Törende konuşan ENERCON CCO’su Uli Schulze Südhoff, şunları söylüyor: “Türkiye, rüzgar türbinlerinin üretimi, satışı, kurulumu ve servisi açısından ENERCON için odak pazar olmaya devam ediyor. Büyük perspektifler sunuyor ve yetkili makamlar tarafından muazzam bir destek alıyoruz. Ülkenin yenilenebilir enerjinin ve özellikle de kara rüzgârının yaygınlaştırılması konusunda net bir kararlılığı var. Türkiye’deki sahalarda son derece güvenilir olduğu kanıtlanmış, sınıfının en iyisi rüzgar türbini teknolojisini sağlayarak müşterimiz Enerjisa Üretim ile birlikte Türkiye’nin yenilenebilir enerji alanındaki hedeflerini desteklemekten memnuniyet duyuyoruz. Enerjisa Üretim’e güvenleri için teşekkür ediyor ve verimli iş birliğimizi sürdürmeyi dört gözle bekliyoruz.”

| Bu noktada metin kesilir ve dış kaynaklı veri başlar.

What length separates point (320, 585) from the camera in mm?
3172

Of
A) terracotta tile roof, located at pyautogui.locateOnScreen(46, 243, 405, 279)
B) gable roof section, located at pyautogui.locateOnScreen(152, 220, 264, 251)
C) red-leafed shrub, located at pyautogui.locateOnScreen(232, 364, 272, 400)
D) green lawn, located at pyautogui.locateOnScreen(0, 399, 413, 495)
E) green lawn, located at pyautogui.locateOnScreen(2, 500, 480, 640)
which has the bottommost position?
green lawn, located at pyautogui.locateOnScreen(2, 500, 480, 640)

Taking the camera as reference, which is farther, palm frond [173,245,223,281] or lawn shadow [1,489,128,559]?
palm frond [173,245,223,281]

ENERCON Orta Asya, Orta Doğu ve Afrika Bölge Başkanı Arif Günyar, yapılan anlaşma ve projenin önemine dair şu açıklamalarda bulunuyor: “ENERCON olarak, partnerimiz Enerjisa Üretim ile 2022 yılında Avrupa’da tek kalemde imzalanan en büyük 1000 MW ilk çerçeve anlaşmasını gerçekleştirmenin gururunu yaşıyoruz. YEKA II ihalesinin getirdiği derin yerlilik kapsamlarına uygun olarak, yerli aksam ile gerçekleşecek olan projelerimiz, mevcut yerli üretim ve sanayinin devam etmesi ve derinleştirilmesi açısından önemli bir mihenk taşı olmuştur.”

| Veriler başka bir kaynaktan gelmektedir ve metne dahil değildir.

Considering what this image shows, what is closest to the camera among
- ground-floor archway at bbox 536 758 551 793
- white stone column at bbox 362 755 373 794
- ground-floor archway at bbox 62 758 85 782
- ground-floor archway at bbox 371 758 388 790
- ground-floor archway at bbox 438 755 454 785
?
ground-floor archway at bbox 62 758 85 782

Enerjisa Üretim Rüzgâr Santralleri Yatırımlar Genel Müdür Yardımcısı Ezgi Deniz Katmer, “1.000 MW YEKA 2 Projesi, Türkiye’nin yenilenebilir enerji sektörüne tarihi bir yatırımdır. ENERCON iş birliğiyle önümüzdeki dönemde Türkiye’de kurulacak her üç rüzgar türbininden biri Enerjisa Üretim imzasını taşıyacak ve Türkiye’nin yenilenebilir enerji yatırımlarına yön verecek” diyor.

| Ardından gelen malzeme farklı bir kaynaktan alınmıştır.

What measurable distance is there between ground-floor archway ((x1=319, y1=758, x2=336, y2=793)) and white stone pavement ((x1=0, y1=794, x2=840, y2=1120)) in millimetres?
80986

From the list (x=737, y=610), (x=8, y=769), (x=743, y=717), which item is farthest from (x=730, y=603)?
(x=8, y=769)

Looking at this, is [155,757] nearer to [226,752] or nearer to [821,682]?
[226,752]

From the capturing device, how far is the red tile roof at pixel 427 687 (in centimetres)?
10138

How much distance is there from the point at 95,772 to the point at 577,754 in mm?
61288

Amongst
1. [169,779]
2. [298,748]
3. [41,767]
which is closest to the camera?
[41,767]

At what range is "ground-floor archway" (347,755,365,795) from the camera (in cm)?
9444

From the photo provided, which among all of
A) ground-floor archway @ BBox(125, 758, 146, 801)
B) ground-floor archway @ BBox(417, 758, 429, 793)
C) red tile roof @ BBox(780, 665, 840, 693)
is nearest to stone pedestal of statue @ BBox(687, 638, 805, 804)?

İlk YEKA projesi Akköy RES’in devreye alınması

İlk faz için rüzgar türbinlerinin üretimi devam ederken ENERCON, Aydın’ın Didim ilçesindeki 25,2 MW kapasiteli 6 adet E-138 EP3 E2 türbininden oluşan ilk YEKA projesi Akköy Rüzgar Santrali’ni 2023 yılı sonunda devreye alarak YEKA 2 yolculuğuna başarılı bir başlangıç yapıyor. ENERCON Bölge Başkanı Arif Günyar, şunları ekliyor: “Projelerin başarılı ve güvenli bir şekilde gerçekleştirilmesine katkıda bulunan tüm ekiplerimize, tedarikçilerimize ve alt yüklenicilerimize minnettarız. Enerjisa Üretim ile birlikte ENERCON ekipleri de projelerin başarıyla hayata geçirilmesi için yoğun çaba ve hazırlıklarını sürdürüyor.”